Segment Start: Source data

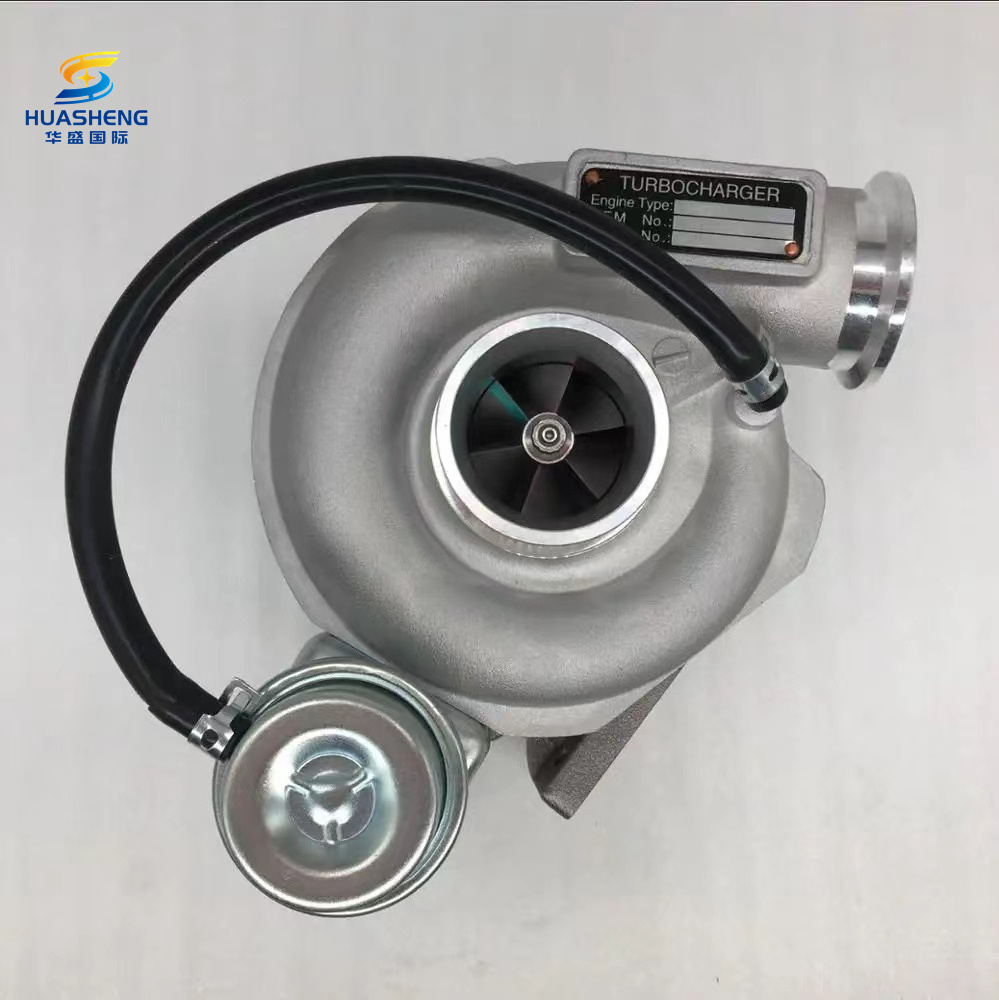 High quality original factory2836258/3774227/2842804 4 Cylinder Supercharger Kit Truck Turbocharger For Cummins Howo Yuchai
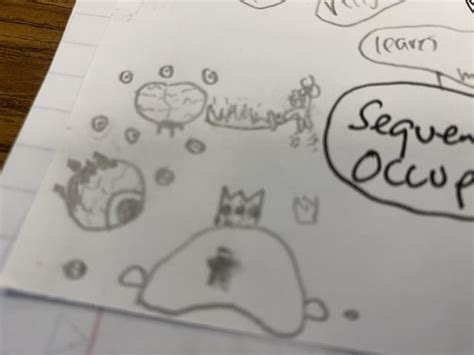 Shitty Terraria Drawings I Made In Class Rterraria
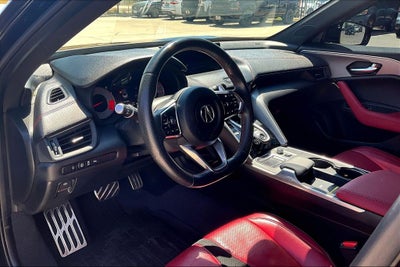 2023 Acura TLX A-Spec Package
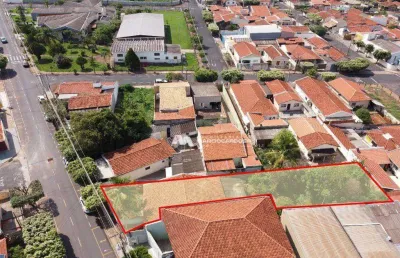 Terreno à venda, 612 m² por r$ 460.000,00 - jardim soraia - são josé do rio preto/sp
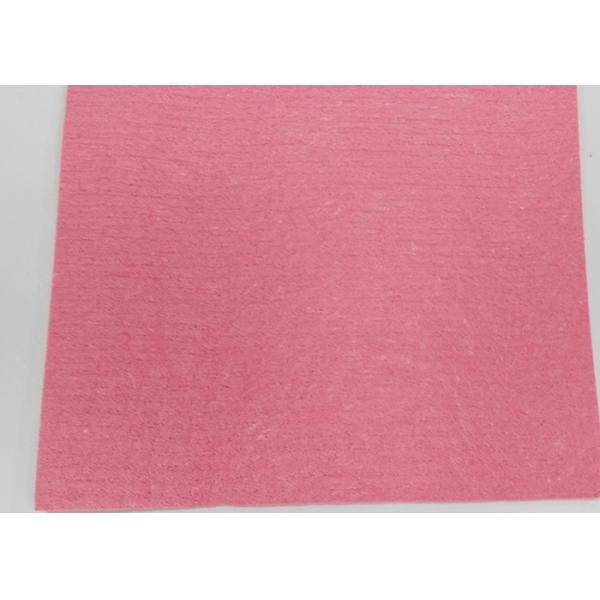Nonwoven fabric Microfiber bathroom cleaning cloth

Segment End: Source data

Print the records word for word and exclude any picture they hold.

 High quality original factory2836258/3774227/2842804 4 Cylinder Supercharger Kit Truck Turbocharger For Cummins Howo Yuchai
 Shitty Terraria Drawings I Made In Class Rterraria
 2023 Acura TLX A-Spec Package
 Terreno à venda, 612 m² por r$ 460.000,00 - jardim soraia - são josé do rio preto/sp
Nonwoven fabric Microfiber bathroom cleaning cloth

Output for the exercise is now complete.